Atoms are small units of matter that cannot be further broken down through chemical reactions with the exception of removal or addition of electrons. An atom is made up of three subatomic particles: Electrons, Protons, and Neutrons. Atoms are sometimes considered the "building blocks" of matter.

Atomic Structure[]

The center of the atom is made up of the protons and neutrons. This is called the Nucleus (Plural form Nuclei (Noo-Klee-Ide)).  Since protons are said to be positively charged particles, the nucleus is always positively charged.  One element is different from another because of the number of protons in its nucleus.

Electrons, which are negatively charged particles, orbit the positively charged nucleus at different energy levels.

 When two atoms of different atoms come together, they form Compounds, bonding to each other very tightly.

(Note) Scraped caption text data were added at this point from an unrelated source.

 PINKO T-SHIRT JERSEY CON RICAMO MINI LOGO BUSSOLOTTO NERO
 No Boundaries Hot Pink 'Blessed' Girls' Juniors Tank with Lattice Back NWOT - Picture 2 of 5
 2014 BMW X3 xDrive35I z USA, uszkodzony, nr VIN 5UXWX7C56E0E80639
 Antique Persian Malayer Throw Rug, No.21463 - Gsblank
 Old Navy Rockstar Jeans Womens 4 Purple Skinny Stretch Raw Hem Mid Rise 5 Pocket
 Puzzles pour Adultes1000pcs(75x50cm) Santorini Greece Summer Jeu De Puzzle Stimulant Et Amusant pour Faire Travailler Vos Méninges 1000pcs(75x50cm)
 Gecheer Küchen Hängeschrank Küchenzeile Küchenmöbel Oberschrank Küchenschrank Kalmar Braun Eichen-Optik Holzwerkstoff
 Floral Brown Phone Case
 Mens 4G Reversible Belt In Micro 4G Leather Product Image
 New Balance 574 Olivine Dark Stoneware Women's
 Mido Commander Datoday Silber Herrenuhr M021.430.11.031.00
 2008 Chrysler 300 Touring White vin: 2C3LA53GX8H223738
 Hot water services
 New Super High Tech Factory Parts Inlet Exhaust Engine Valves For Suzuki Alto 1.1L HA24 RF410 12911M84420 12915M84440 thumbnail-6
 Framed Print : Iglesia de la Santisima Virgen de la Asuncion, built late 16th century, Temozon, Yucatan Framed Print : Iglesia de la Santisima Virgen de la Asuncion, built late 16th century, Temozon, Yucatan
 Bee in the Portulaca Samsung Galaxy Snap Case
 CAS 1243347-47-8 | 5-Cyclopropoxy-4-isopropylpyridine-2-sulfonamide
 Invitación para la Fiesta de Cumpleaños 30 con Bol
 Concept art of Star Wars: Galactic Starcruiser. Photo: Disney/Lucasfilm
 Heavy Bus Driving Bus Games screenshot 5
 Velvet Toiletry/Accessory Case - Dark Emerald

Atoms are incredibly small, they cannot be seen even the most powerful microscope. The size of the smallest atom - hydrogen atom, has a radius of 32 pm (3.2 × 10−13 m).

Unstable Nuclei[]

Certain Atoms are Unstable, and spontaneously emit different particles. (See Radioactivity)

Elements & Isotopes[]

Different Atoms are atoms of different element. For instance, one proton and one electron are Hydrogen-1, while fifty one protons & electrons and one-hundred and twenty two neutrons is Antimony. Things can get even more complicated, though, as the number of neutrons in an atom decides what Isotope it is. So while Hydrogen-1 has 1 Proton and 1 electron, Hydrogen-2 has 1 proton, 1 electron, and 1 neutron. every isotope of an element has the same number of protons and electrons, but differing numbers of Neutrons.